- [Dataset content]:
____________________

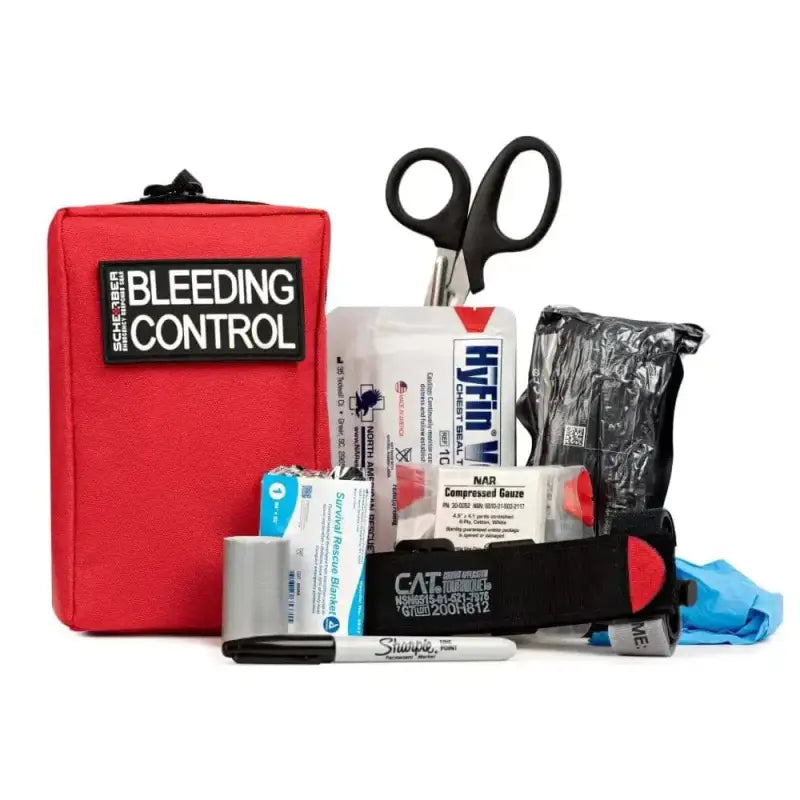 Red Scherber Public Access Bleeding Control Kit with essential trauma medical supplies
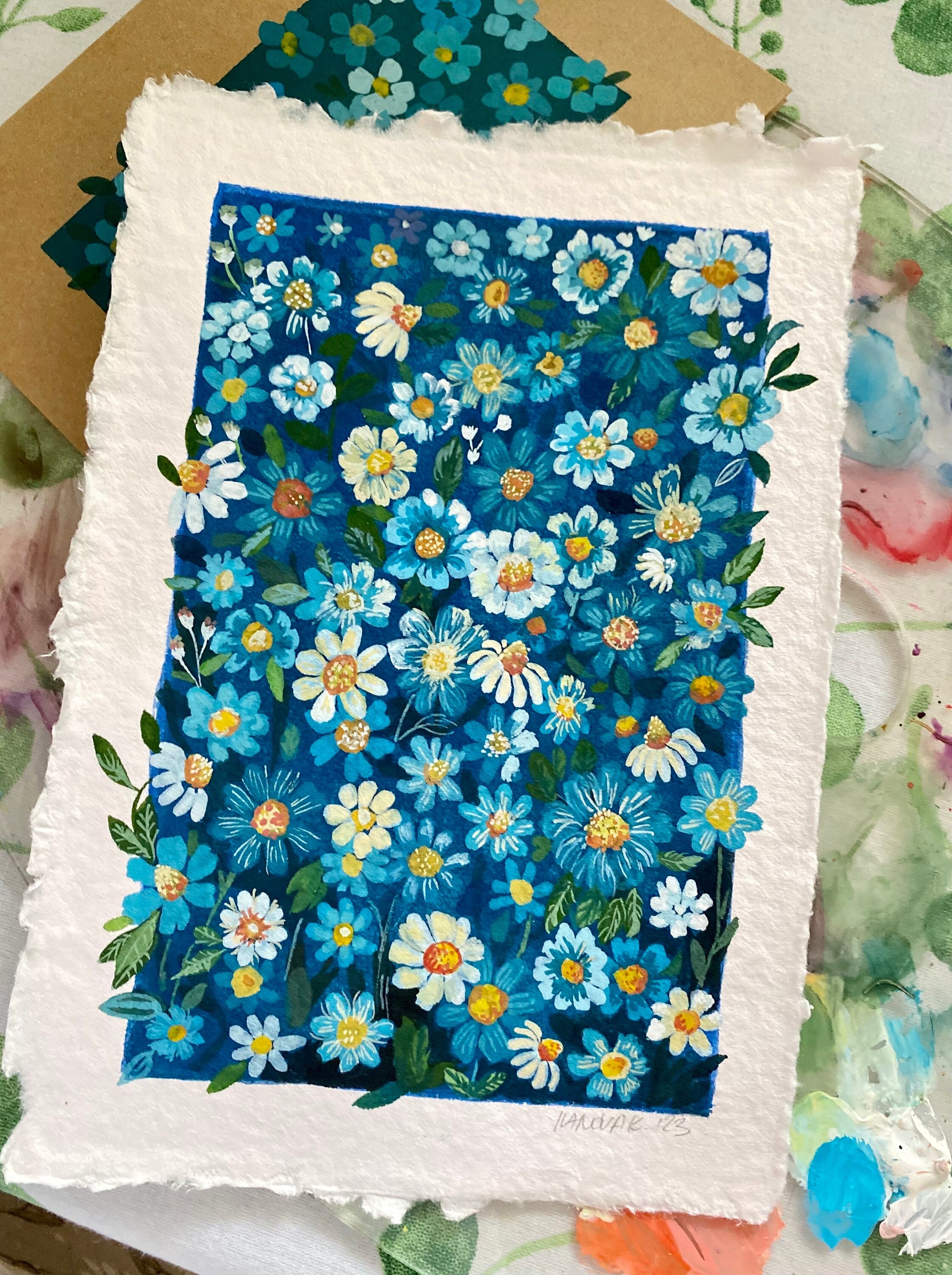 Original Gouache Flowers Painting: Blue Garden Art on Handmade Paper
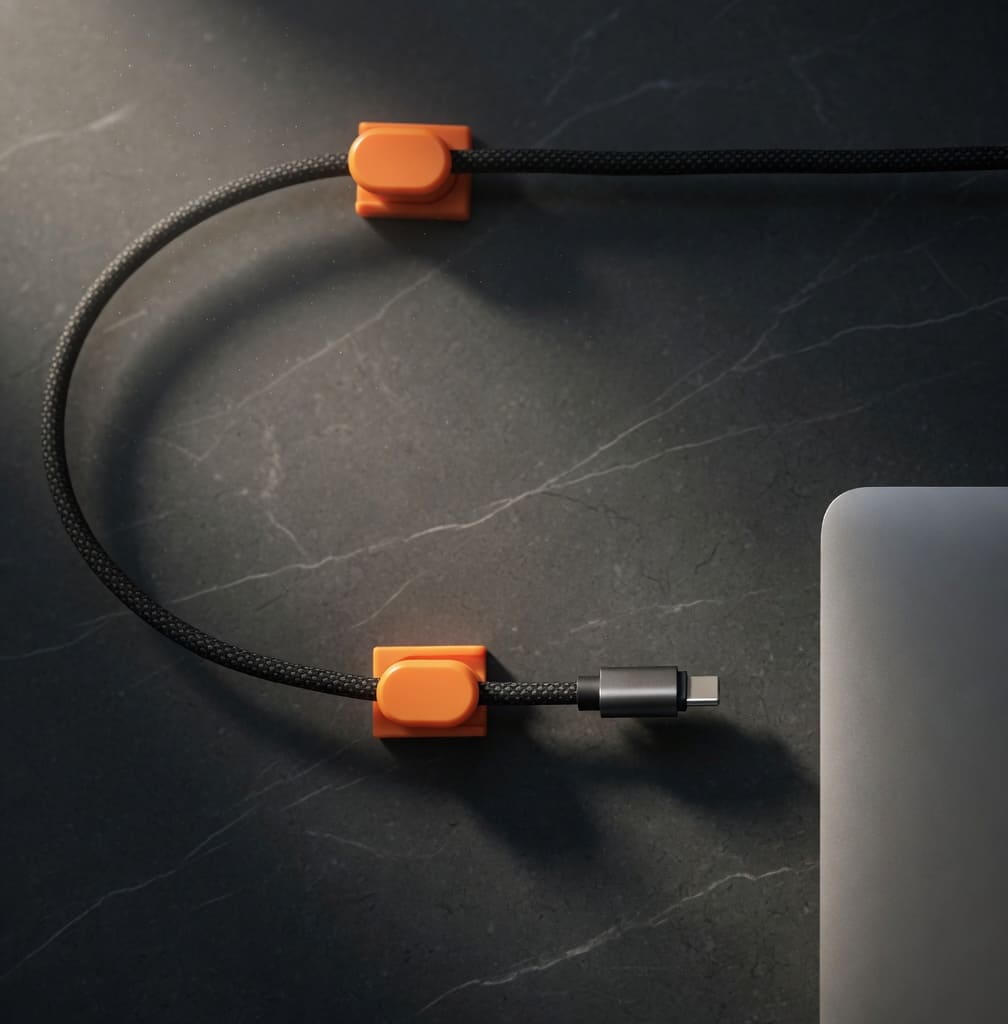 Magnetic cable organizer mounted in a car interior holding a braided charging cable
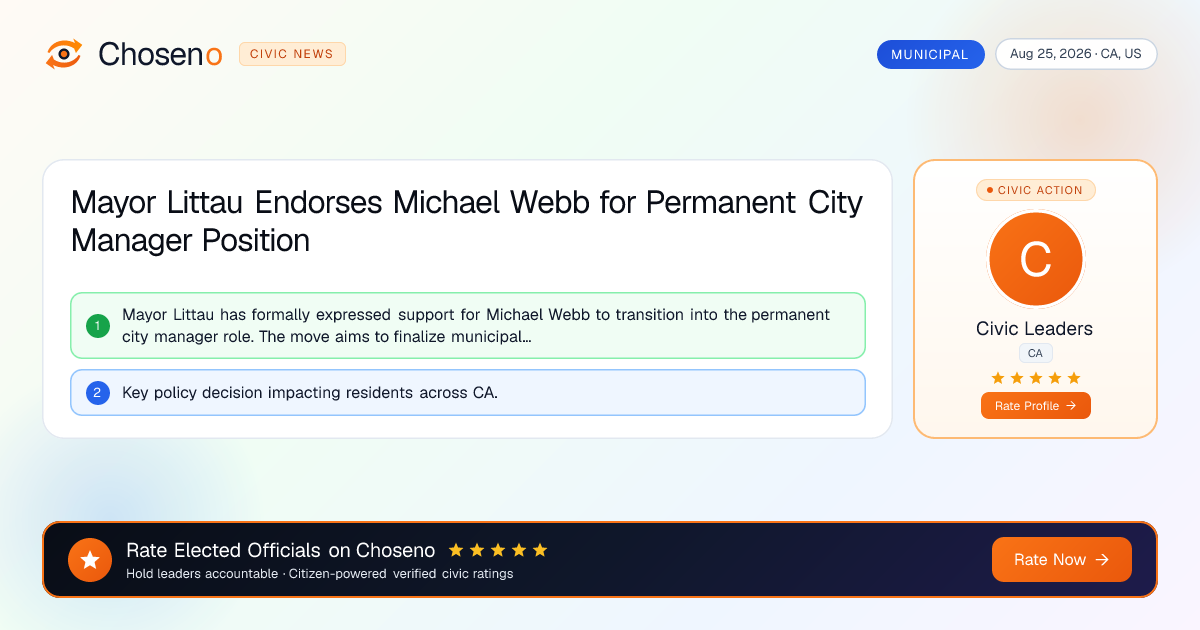 Visual summary for Mayor Littau Endorses Michael Webb for Permanent City Manager Position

____________________

- [What the task asks]: For this exercise, output only the lines from the one bearing "Original Gouache Flowers" to the end of the material above, exactly as written, with pictures left out.

- [Solved exercise]:
 Original Gouache Flowers Painting: Blue Garden Art on Handmade Paper
 Magnetic cable organizer mounted in a car interior holding a braided charging cable
 Visual summary for Mayor Littau Endorses Michael Webb for Permanent City Manager Position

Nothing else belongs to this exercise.